Clean Monday, Fine (-ish) Art and Phonology



 Mardi Gras or Shrove Tuesday (shrove apparently meaning ‘to confess’) and Clean Monday are gone and done so we’ve eaten the special foods that lead us gently into the period of Lent.  We were invited to sit at our neighbours’ generous table of beans, potato salad, octopus, pease-pudding, stuffed vine-leaves, cuttle-fish, taramas, cabbage salad, pickled tomatoes,  to name only some – all absolutely delicious but ultimately not so gentle on the digestive system when, like me, you insist on sampling everything

Art classes continue and I continue to enjoy them. The strange thing is that I feel less confident about it than I did this time last year.  Then I was just beginning with oils, and didn’t feel capable of doing much at all. So any kind of vague facsimile produced was well-nigh joy-causing. Also what we drew and painted was wisely selected by our teacher who was well aware of our capabilities …. and limitations. 

 Now we choose our own subject matter, blithely unaware of the difficulties it may entail.

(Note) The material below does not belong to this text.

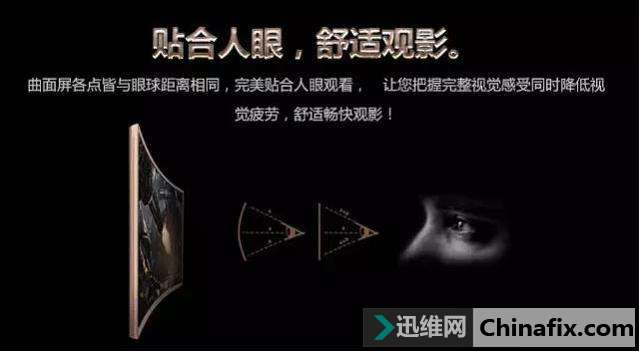 详解曲面显示器为何更适合电竞游戏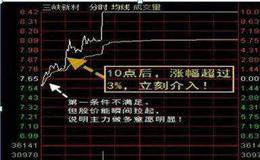 [淘气天尊股市分析]市场温和放量2连阳后还要涨！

In addition, every now and then I take on a project in the medium of water-colour which I’m finding a wee bit hard to handle but I’m determined to improve on. So I don’t get that sense of progress that I had last year and have more of a sense of frustration: knowing where I want to go but being aware of how remote these goals still are.

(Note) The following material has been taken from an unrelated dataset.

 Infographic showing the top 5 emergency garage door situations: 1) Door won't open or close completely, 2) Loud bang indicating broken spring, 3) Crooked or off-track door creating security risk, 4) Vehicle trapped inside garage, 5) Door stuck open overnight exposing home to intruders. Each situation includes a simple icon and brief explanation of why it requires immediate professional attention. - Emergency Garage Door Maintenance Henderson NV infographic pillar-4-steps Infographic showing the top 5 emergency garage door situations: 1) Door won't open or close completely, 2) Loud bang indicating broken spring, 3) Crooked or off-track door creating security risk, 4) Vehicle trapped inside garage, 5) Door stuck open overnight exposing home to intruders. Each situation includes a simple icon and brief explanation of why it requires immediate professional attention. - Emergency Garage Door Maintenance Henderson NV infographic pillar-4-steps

However, just to keep you posted with my process – rather than progress! – here are some of my latest endeavours.
My water-colour rose looked very washed-out so I tentatively tried a little splash of red which brightened things up and then  I decided that a general red wash would bring the flower more to life. I like the dew drops! 



 










                                                                                           
Next, in water-mixable oils, is my little, Shetland puffin – or something mildly resembling one. I’ve just discovered that these strange birds actually nest in crevices in the rocks or in little burrows which they hollow out themselves. 




                                                              
In one of our conversations in class, someone mentioned the French Post-Impressionist painter, famous for his Polynesian subjects but she couldn’t remember his name. There ensued a silence of brain-racking until, “Gaugin’ said I, exultant that the grey matter could still retrieve. I pronounced the final syllable as in ‘gratin’ only to be ‘corrected’ as my classmates wanted it rendered ‘go-gen’ both hard gs and with final syllable stress. Some have difficulty in producing this nasal sound: even Satcho in “La Vie En Rose’ pronounces ‘en’ as in ‘pen’.  

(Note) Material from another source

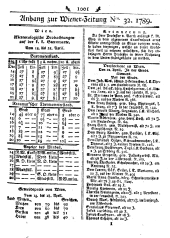 Wiener Zeitung 17890422 Seite: 9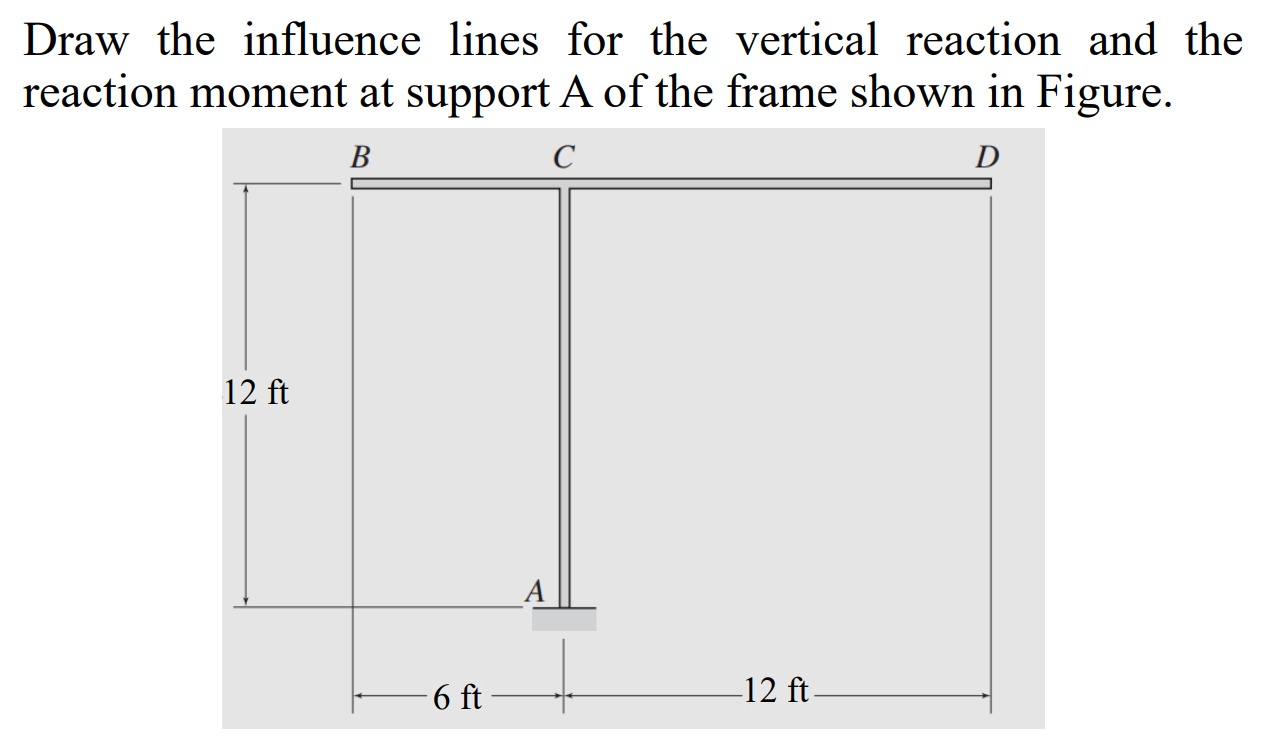 Draw the influence lines for the vertical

There can be an intrusive yod – a ‘y’ sound – brought into English words where they don’t exist: in Greece the name Andrew is often pronounced ‘Andriew’ as in ‘view’.

 The omission of the yod can also be problematic: a Slovenian friend was enthusing about a film she’d seen: ‘Two Doors’ as I took it to be. In this case, the omission of the necessary yod in the first syllable together with erroneous final stress had rendered Tudors unrecognisable for me.

 A borrowed phrase that eluded me thanks to that ubiquitous and erroneous final-syllable stress placement was ‘Sthroo’, a consonant cluster  repeated with speaker-surprise that I didn’t recognize it. Asking for an alternative expression, I was given the Greek word ‘diaphanous’  - ah! What they were saying was ‘see through’!

The short /I/ vowel as in bin, is often heard and pronounced as the longer /i/ as in bean. Add to this the fact that /S/ as in she is often heard and rendered as /s/, its closest equivalent as in see, and we have complications. 

Those pictures below indicate some of those: the seaside scene with a very young Neve, my brother and his wife’s lovely doggie, Jessie, and the tasty, sweet vegetable would all be pronounced as /bits/, confusing beach, bitch and beets……and we may as well throw in  bits, beats and beech as well !!

 

                                                          









In Greek the written consonant combination /gk/ usually produces the oral ‘g’ as in go, while the written /gg/ combination produces  ‘ng’ as in ring, depending on word position and sound environment, the sound ‘nk’ can also be produced. 

That is why the dear and recently-departed Demis Roussos, in one of his many, beautiful recordings, exhorts his audience to ‘Sink alonk with me’  and the actress, Trudie Styler, is said to be married to that famous singer/song-writer …..Stink!